A court in Buenos Aires told the national telecoms regulator, ENACOM, to get internet providers on board to carry out the block. Google and Apple got orders to take Polymarket’s app down for Argentine users.

It started when gambling bodies LOTBA and the Argentine Chamber of Casinos and Bingos lodged formal complaints. A dedicated gambling prosecutor’s office picked the case up from there.

Investigators found the platform was essentially running a betting operation while calling itself something else. On top of that, regulators pointed to payments made in crypto, deposits via credit card, and zero checks on age or identity, leaving the door open for underage users.

What made the ban stand out was the timing. Local media reported that Polymarket’s odds on Argentina’s February inflation figure, which came in at 2.9%, shifted noticeably just 15 minutes before the government published the data. That raised questions about whether someone had got to the numbers early.

Colombia pulled the plug on Polymarket last year. The Netherlands followed last month.

Back in the US, Kalshi and Polymarket have been doing big business, with over $44 billion changing hands between them in the past year. Nine out of ten bets on Kalshi are sports-related, but the range of markets goes well beyond that.

People have put $12 million on whether the US will confirm alien life before 2027, and $45 million on whether Jesus Christ returns this year.

Both platforms shot to prominence when they called Trump’s 2024 election win ahead of the polls. They are now said to be chasing investment that would value them together at $20 billion.

War death bets draw backlash and legal threats

Nothing has caused more trouble than the war markets. Bloomberg put Polymarket’s Iran-related betting at over $500 million. At one point, the platform was taking bets on a nuclear strike, a market it shut down once it started getting attention online, according to Cryptopolitan’s report.

Kalshi pulled a $54 million market over whether Iran’s Supreme Leader Ayatollah Ali Khamenei would be out of power by March 1, saying US-regulated platforms have no business running markets that “directly settle on someone’s death.”

Stew, 35, from Montana, had $10 riding on that Khamenei market. He got the idea one night after coming across reports of a surge in pizza orders near the Pentagon. He got his money back when Kalshi cancelled the market, but he wasn’t buying the company’s reasoning.

“They call it contract trading, which I guess technically speaking, that’s what it is. But if we’re all being honest here, it’s still betting,” he told BBC.

Craig Holman from Public Citizen didn’t mince words. “You have now opened up gambling on almost anything and it has turned into this very, very gruesome type of thing on the death of a head of state,” he said.

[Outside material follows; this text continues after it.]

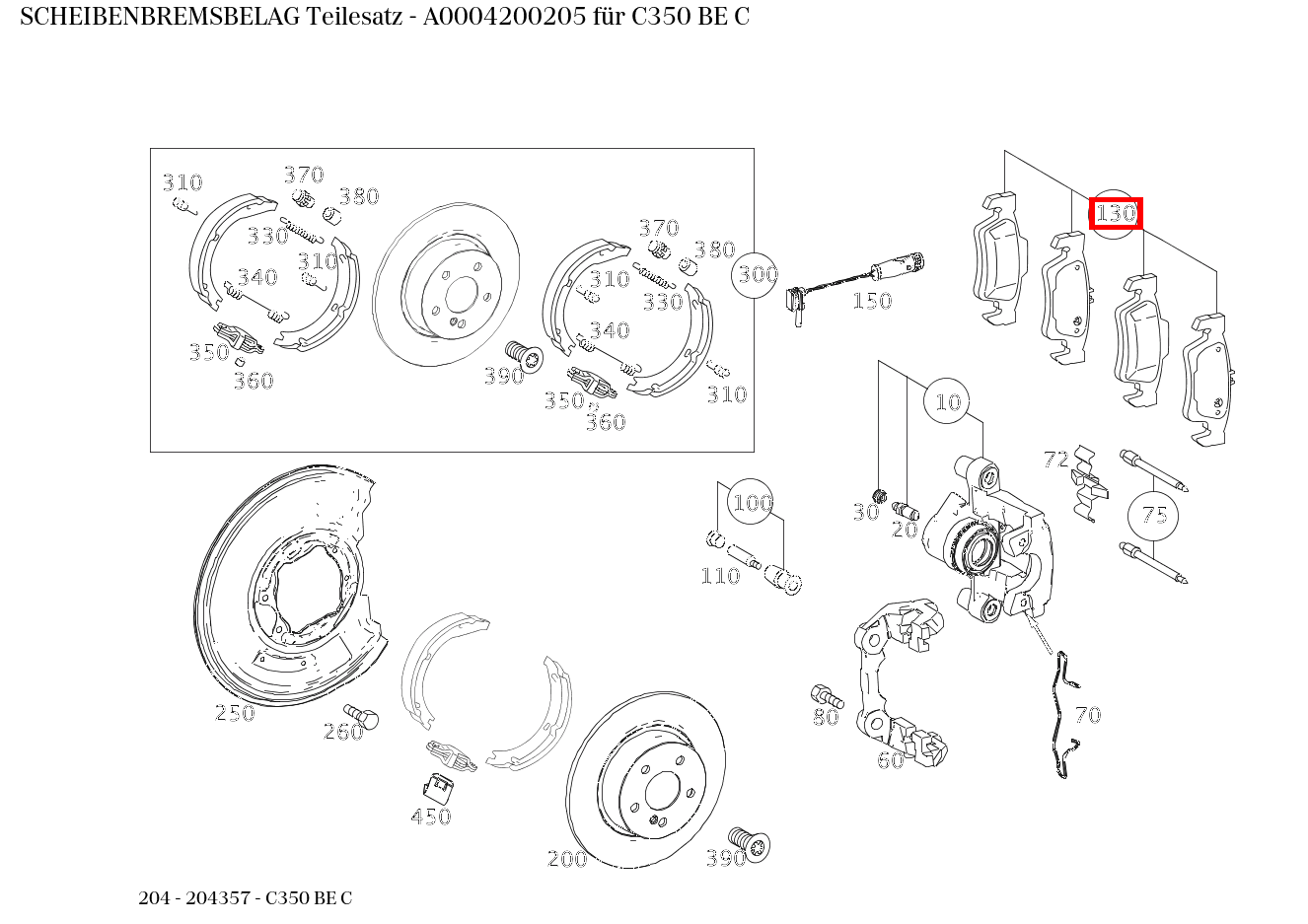 Scheibenbremsbelag Teilesatz C350 BE C 204 Scheibenbremsbelag Teilesatz C350 BE C 204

On Capitol Hill, Democrats have pushed a bill to bar government officials from trading event contracts. They pointed to one case where someone new to Polymarket walked away with close to half a million dollars after correctly betting on the arrest of Venezuela’s president, shortly before news broke publicly.

Bitcoin price bets pull in $60 million in a single day

Meanwhile, a simple five-minute Bitcoin bet on Polymarket pulled in over $60 million in one day, per Dune Analytics. Kalshi runs the same idea over 15-minute windows. There are no spreads or complicated odds, just a yes or a no, which suits people put off by how traditional sports betting works.

The CFTC dropped its proposed ban on sports and election contracts last month. The regulator’s Trump-picked chairman has backed the platforms, calling event contracts economically useful. But those pushing for tighter rules say the industry is hiding behind financial language to dodge the rules and taxes that betting companies normally have to deal with.

“Nobody is saying that gambling shouldn’t be allowed,” said Ben Schiffrin of Better Markets. “What the states are saying is things that are gambling should be regulated as gambling.”